It is interesting to observe that OCE can be representable by CVaR, namely

$$\begin{aligned} S_r(X)=\gamma _2{\mathbb {E}}(X)+\mathrm {CVaR}_\alpha (X), \text{ where } \alpha =1-(\gamma _1-\gamma _2)^{-1}. \end{aligned}$$

This formula can be obtained by using Proposition 2.1 and the fact

$$\begin{aligned} Q_{\gamma _1,\gamma _2}=\gamma _2\{1\}+Q_\alpha . \end{aligned}$$

3.5 The mean-deviation

Fix \(0\le \lambda \le 1\).
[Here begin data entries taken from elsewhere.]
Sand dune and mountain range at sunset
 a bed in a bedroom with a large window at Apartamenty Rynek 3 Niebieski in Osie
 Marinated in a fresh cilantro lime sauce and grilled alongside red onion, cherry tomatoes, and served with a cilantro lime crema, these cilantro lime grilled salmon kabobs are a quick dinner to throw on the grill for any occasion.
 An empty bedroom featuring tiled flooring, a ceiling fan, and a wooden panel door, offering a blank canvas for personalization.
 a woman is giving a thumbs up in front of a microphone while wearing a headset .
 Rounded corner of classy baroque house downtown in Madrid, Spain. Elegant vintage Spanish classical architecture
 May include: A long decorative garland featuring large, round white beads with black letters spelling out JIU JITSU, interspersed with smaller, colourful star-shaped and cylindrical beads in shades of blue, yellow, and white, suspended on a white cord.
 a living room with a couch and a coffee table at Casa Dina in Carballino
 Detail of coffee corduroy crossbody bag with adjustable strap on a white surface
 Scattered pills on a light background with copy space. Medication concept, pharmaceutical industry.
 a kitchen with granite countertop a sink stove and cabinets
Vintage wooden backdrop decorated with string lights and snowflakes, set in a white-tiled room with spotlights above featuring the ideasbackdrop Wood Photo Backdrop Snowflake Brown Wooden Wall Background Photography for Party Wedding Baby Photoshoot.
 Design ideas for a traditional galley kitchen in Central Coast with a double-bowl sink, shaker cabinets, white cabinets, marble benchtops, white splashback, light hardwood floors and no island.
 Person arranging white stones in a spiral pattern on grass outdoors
Define the mean-deviation risk measure as

$$\begin{aligned} {\mathcal {R}}(X)={\mathbb {E}}X+\lambda \cdot \Vert (X-{\mathbb {E}}X)_+\Vert _2 \end{aligned}$$

for all \(X\in {\mathscr {L}}^2\), where \(\Vert \cdot \Vert _2\) denotes the \({\mathscr {L}}^2\)-norm, that is, \(\Vert X\Vert _2:=\left[ {\mathbb {E}}(X^2)\right] ^{\frac{1}{2}}.\)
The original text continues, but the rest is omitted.